One of my earliest recollections is the sawdust dancing in the basement air as I stood on my grandfather’s workbench. Together, using materials which would now be called recycled, we constructed a rambling bird-house. Since that time I’ve never lost interest inbuilding things.
School and I didn’t take – though the pencil and I got on famously! I spent many hours drawing cartoons in class but it was not on the catholic school curriculum and the nuns were not amused. So I learned to sneak my drawings out to pals at recess. Later on, in high school, I wandered into the ceramics lab and basically stayed there for the next four years.
After that, my unconventional approach for furthering my education was to never enroll in classes – just crash the ones I liked and do the assignments I choose. A timely bribe to the night janitors at three successive community colleges gave me 24-7 access to the art studios. I didn’t care about grades or degrees and never received either. My focus was ceramics but other materials started to creep in and then the clay gradually disappeared.
The mechanical madness that took root in grandpa’s basement continues to push me in new directions with diverse influences guiding the aesthetic. I draw on everything from Marx Brothers to Marks Toys, from Calder to Keaton and from Rube Goldberg to Andy Goldsworthy. These days, among my kinetic water fountains, enormous insects on buildings and confounding contraptions sits Stumble Bones -- the slap-stick star of my graphic book.

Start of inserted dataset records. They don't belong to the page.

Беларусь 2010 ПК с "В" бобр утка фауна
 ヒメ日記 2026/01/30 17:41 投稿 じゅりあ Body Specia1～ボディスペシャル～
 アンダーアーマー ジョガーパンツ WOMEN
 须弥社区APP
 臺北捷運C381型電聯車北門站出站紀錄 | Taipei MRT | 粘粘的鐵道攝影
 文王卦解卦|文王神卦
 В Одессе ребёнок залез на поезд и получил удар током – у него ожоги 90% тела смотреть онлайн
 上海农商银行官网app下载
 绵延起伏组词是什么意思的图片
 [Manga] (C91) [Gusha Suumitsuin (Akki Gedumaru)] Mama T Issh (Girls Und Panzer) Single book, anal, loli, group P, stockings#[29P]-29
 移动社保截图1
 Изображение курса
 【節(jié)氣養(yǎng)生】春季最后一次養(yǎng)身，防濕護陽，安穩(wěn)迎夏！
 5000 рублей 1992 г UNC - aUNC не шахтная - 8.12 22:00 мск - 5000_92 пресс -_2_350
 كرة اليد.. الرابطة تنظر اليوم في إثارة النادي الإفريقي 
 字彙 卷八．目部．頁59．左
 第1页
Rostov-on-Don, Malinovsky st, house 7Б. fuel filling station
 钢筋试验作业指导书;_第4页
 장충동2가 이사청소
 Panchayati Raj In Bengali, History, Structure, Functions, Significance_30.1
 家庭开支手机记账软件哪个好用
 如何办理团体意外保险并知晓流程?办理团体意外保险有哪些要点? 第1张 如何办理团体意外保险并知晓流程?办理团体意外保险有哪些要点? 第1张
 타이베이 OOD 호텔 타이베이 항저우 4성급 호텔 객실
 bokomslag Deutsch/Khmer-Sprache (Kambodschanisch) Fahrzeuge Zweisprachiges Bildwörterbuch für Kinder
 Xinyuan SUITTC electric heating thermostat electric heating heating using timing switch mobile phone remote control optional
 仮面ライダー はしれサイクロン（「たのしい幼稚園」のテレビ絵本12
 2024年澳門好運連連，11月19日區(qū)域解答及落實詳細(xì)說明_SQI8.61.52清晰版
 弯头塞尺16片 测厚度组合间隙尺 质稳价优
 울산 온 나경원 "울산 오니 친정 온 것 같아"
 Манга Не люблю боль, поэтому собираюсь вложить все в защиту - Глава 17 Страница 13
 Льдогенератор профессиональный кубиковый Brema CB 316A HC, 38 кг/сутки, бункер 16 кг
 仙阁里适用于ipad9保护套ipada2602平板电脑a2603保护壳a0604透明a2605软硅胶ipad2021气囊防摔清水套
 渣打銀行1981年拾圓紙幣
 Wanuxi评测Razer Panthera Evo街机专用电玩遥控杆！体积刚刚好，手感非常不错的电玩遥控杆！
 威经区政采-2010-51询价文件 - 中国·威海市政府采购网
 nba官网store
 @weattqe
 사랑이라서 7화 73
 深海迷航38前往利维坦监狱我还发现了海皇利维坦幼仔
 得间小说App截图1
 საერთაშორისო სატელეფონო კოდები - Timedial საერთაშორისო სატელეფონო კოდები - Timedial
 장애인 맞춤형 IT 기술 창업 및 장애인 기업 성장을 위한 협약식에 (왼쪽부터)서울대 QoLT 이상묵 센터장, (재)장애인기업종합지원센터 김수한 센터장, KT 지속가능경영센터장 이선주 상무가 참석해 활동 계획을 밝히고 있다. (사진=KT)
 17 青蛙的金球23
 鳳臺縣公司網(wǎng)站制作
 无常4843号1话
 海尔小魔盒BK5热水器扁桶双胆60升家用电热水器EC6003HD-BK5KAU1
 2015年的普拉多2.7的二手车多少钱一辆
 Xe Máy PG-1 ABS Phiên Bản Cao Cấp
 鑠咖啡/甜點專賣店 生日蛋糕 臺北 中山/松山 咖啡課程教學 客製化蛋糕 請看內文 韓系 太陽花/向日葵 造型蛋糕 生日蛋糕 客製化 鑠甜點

Stumble heads out to meet the world in May 2015. He’ll shake your hand from the pages of his book “Stumble Bones: Da Funny Pages.”
Here in Bisbee, AZ, my home for 14 years, I opened SamPoe Gallery with my wife in 2008 and co-founded Bisbee’s annual artist’s soap box derby: Bisbee Rolling Arts Transport Society, aka BRATS. I love building coasters from scratch and you can see some of them on display around town.